Joe Cohn, the foundation’s legislative and policy director, said that by requiring campus disciplinary proceedings to comply with guidance from the Office for Civil Rights, the department would, in effect, codify in regulation the “preponderance” evidence standard that Congress specifically rejected in its recent changes to the Clery Act.
“The negotiated rule making process does not empower negotiators to sneak into law substantive requirements that were debated and rejected by Congress,” Cohn said. “Negotiated rule makers were not elected by the public. They must not replace Congress’s will with their own.”
FIRE said that the department and negotiators on the rule making panel who supported the change were contradicting Congressional intent and exceeding their rule making power.

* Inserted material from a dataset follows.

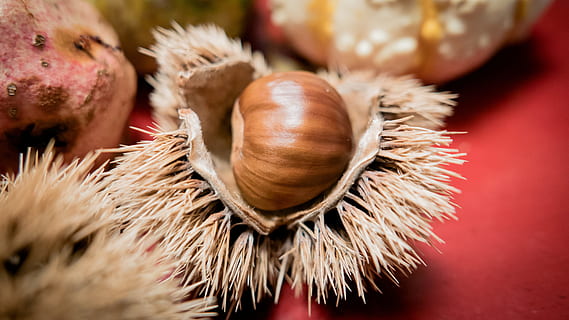 castan, coajă, fructe cupe, castan de castane, înţepător, buchengewaechs, pinten, fructe de nucă, Kesehatan, castane, Marroni, Maroni, fruct, alimente, toamnă, fructe, mânca, natură, nutriție, fructe de toamnă, comestibil, toamna decor, plantă, specialitate, maro, a închide, piuliță - mâncare, macro, nici o persoana, în interior, zi, animale tematice, mancare si bautura, natură moartă, bunăstare, mâncat sănătos, selectiv, castan - alimente, prospeţime, să se concentreze asupra primelor elemente, roșu, nuca, recipient, ghimpat, 4K, CC0, domeniu public, fără drepturi de autor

S. Daniel Carter, a campus safety advocate, meanwhile, said that the proposed rule tracks Congressional intent by deferring the standard of evidence issue to be decided at the sub-regulatory level -- that is, through the guidance issued by the department’s civil rights office.
Carter, who directs the 32 National Campus Safety Initiative at the VTV Family Outreach Foundation and is a member of the negotiating panel, said he disagrees with FIRE’s interpretation of the draft.
Education Department officials, in opening the rule making session last month, said that the negotiating panel was only meant to address Clery Act requirements.
“The requirements of Title IX, including those set forth in the April 4, 2011 Dear Colleague Letter on sexual violence, remain unchanged, and schools must comply with them as before,” the department wrote in a PowerPoint presentation.
Still, even if the department’s rule making is focused on the Clery Act and not Title IX, it would be possible for the administration to establish an evidentiary standard consistent with the one it has said exists in Title IX.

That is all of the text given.